Vietnam’s oil and gas sector is at a crossroads in 2025, with new discoveries, ageing fields, and geopolitical tensions contrubuting to its 2025 outlook.
The country's state-owned National Energy and Industry Group (formerly known as PetroVietnam) is driving upstream activities. This means that interventions like workovers, stimulation, and coiled tubing are becoming critical to sustaining production.
Key 2025 developments point toward a growth potential for this market.
In January 2025, Murphy Oil Corporation announced a significant oil discovery at the Hai Su Vang-1X well in the Cuu Long Basin, located 40 miles offshore Vietnam.
Drilled to 13,124 ft, the well revealed 370 ft of net oil pay, with appraisal drilling planned.
Such discoveries demand early interventions such as hydraulic fracturing or perforating to optimise reservoir flow, creating new opportunities for service providers.

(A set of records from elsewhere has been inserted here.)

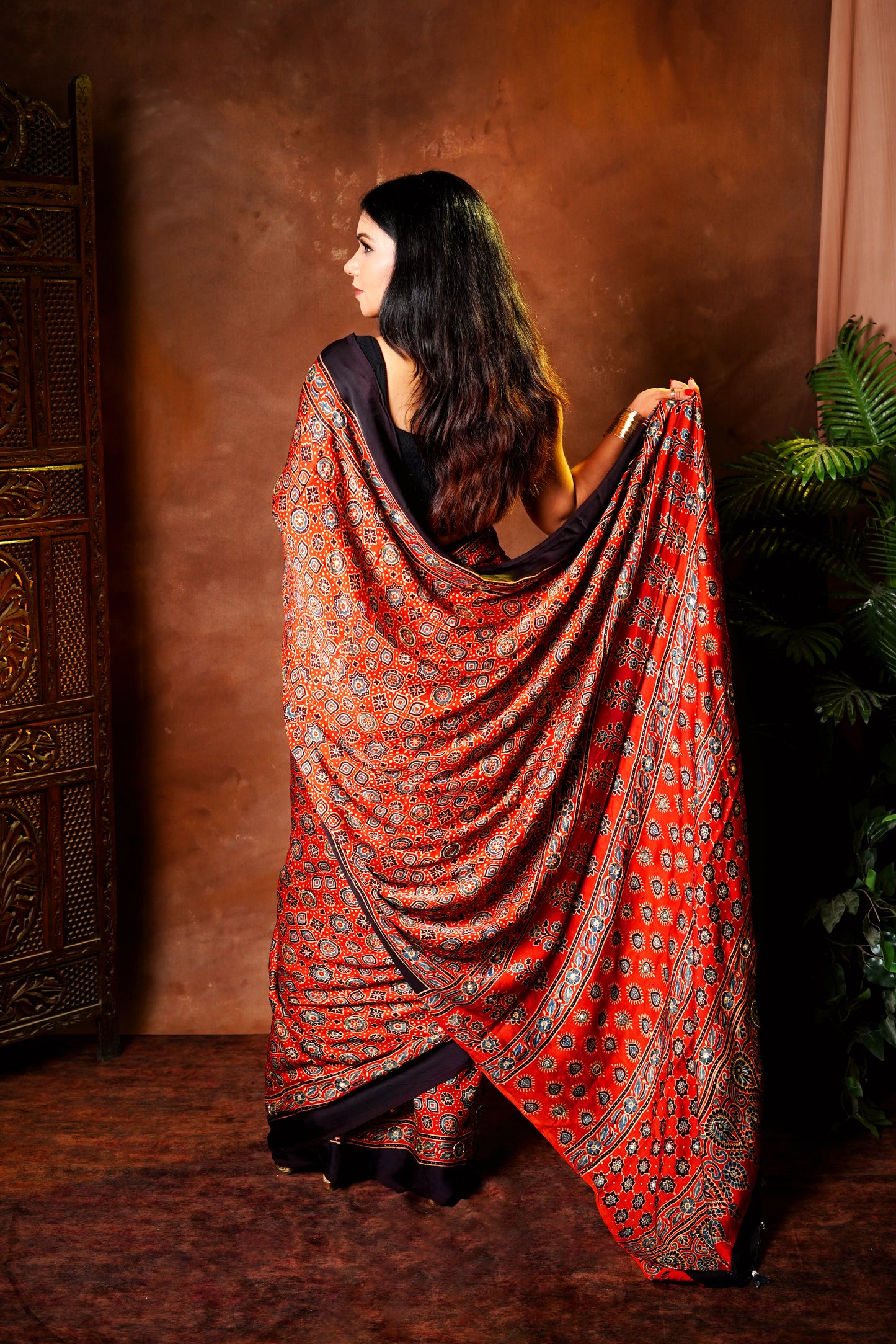Surkh Ajrakh Modal Silk Saree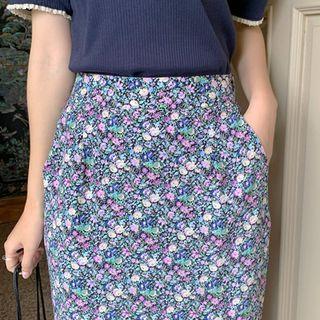 Slit-back H-line Floral Skirt Black - One Size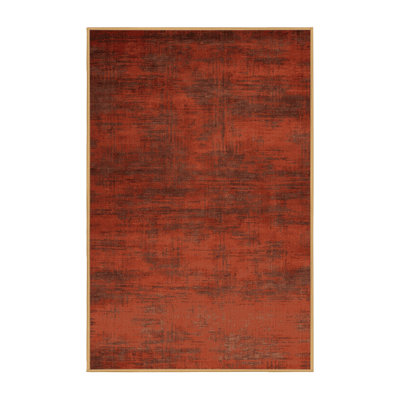 Machine Washable Abstract Brown Area Rug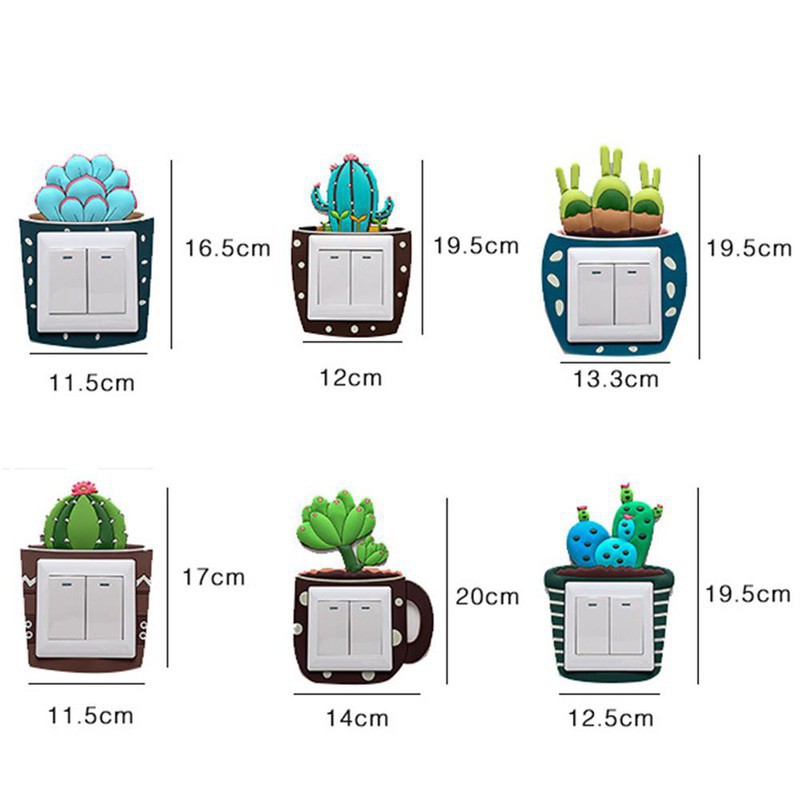 Miếng Dán 3D Silicon Trang Trí Ổ Điện Hình Đáng Yêu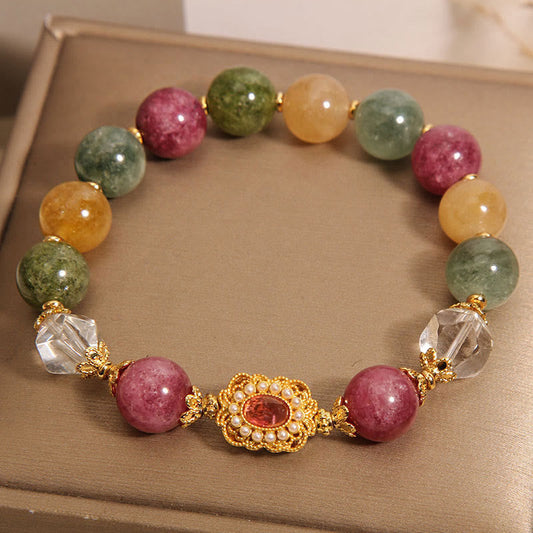 Buddha Stones Tourmaline Pearl Pink Crystal White Crystal Wisdom Bracelet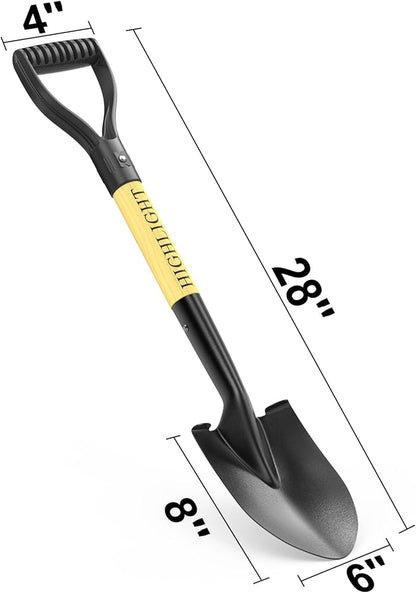 HIGHLIGHT Kids Shovel, Small Shovels for Digging, Overall Length 28 Inches, Mini D Handle, Gardening Shovel, Metal Beach Shovel, Camping, Snow, Wood Handle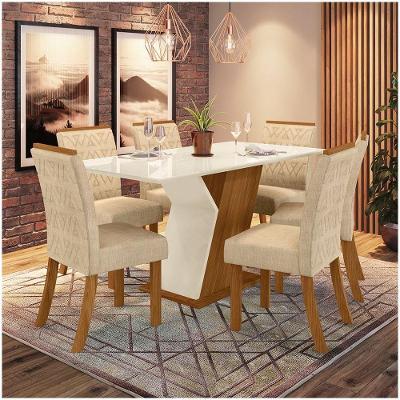 Conjunto Sala De Jantar Mesa 160cm Vidro 6 Cadeiras Juanita Casa 812 Nature Off White E Linho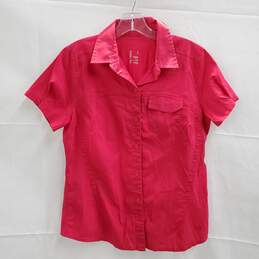 Arcteryx Pink Cotton Blend Trim Fit Button Up Short Sleeve Shirt Women's Size L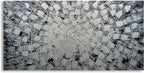 MyArton Textured Abstract Squares Canvas Wall Art Hand Painted Modern Black Silver Oil Painting Picture for Home Decoration Ready to Hang Horizontal or Vertical 40x20inch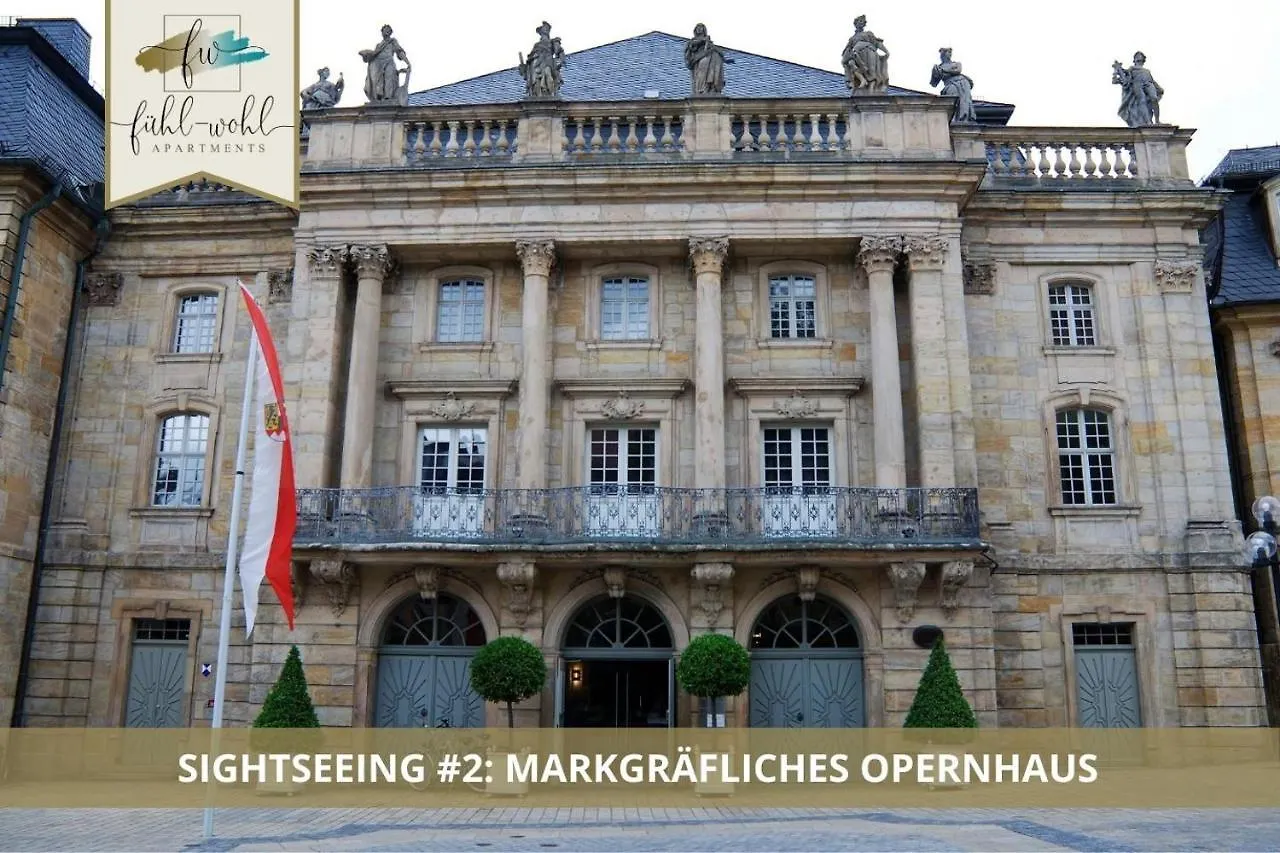 Apartment Semper Suite No1 - 2Zi Fewo 1-4 Pers, Balkon, Parkplatz, Hofgartennaehe Bayreuth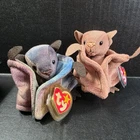 Ty Beanie Babies Batty the Bat Plush Set Brown and Tie Dye Vintage 1996 1997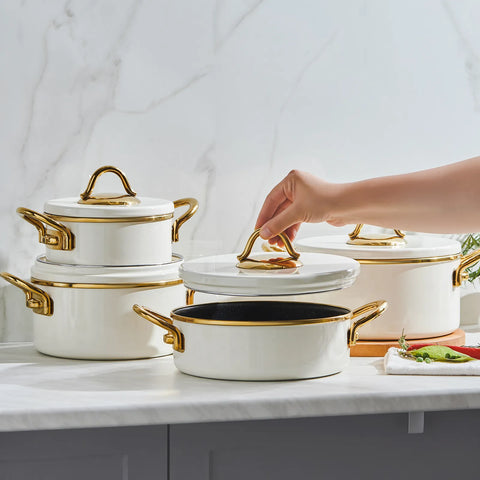 Karaca Ilion 8-Piece Enamel Induction Cookware Set, Cream Gold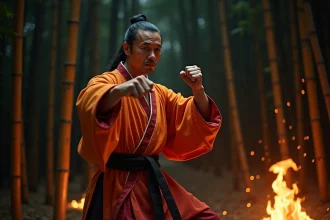 Combattant en haori à motifs de flammes en position de combat dans une forêt de bambous la nuit, évoquant le personnage de Rengoku dans Demon Slayer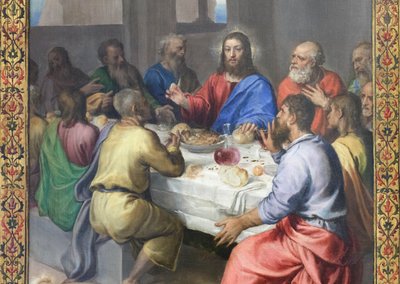 Ostatnia wieczerza, szczegóły autorstwa Titian (c.1488-1576)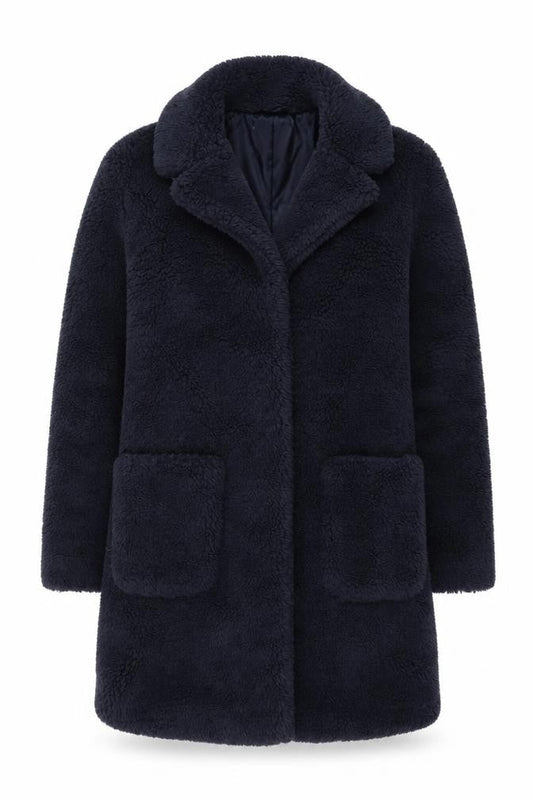 Dorothy Perkins Women's Blue Fleece Mid-Length Coat Size 8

In the same month, EnQuest reached an agreement to pay US$84mn to acquire Harbour Energy's offshore Vietnam oil and gas production business.
It consists of a 53.125% interest in the Natuna Sea's Chim Sáo and Dua fields, which were both first produced by Premier Oil.
The deal, set to close in Q2 2025, could spell intervention’s role in mature fields.
Producing 5,300 boe/d, these fields have “significant upside potential” through water injection optimisation and reperforation, according to EnQuest.
On the other hand, major projects, like the US$740mn Block B gas field led by Mitsui Oil Exploration, could drive intervention demand.
With production expected to begin in 2026, Block B, located about 330 km southwest of the country, may require coiled tubing cleanouts or scale removal during commissioning.
Vietnam’s 2022 Petroleum Law and CPTPP framework further attract foreign investment, with PetroVietnam’s US$1bn 2024-2025 plan supporting upstream activities. The law includes revised tax incentives, such as a corporate income tax rate of 32%, where previously it was 50%. And, a crude oil export tax rate of 10% (where previously it ranged between 6 and 25%).
Challenges ahead
Vietnam’s ageing fields, like the Bach Ho field in the Cuu Long Basin, operated by Vietsovpetro since the 1980s, face declining output.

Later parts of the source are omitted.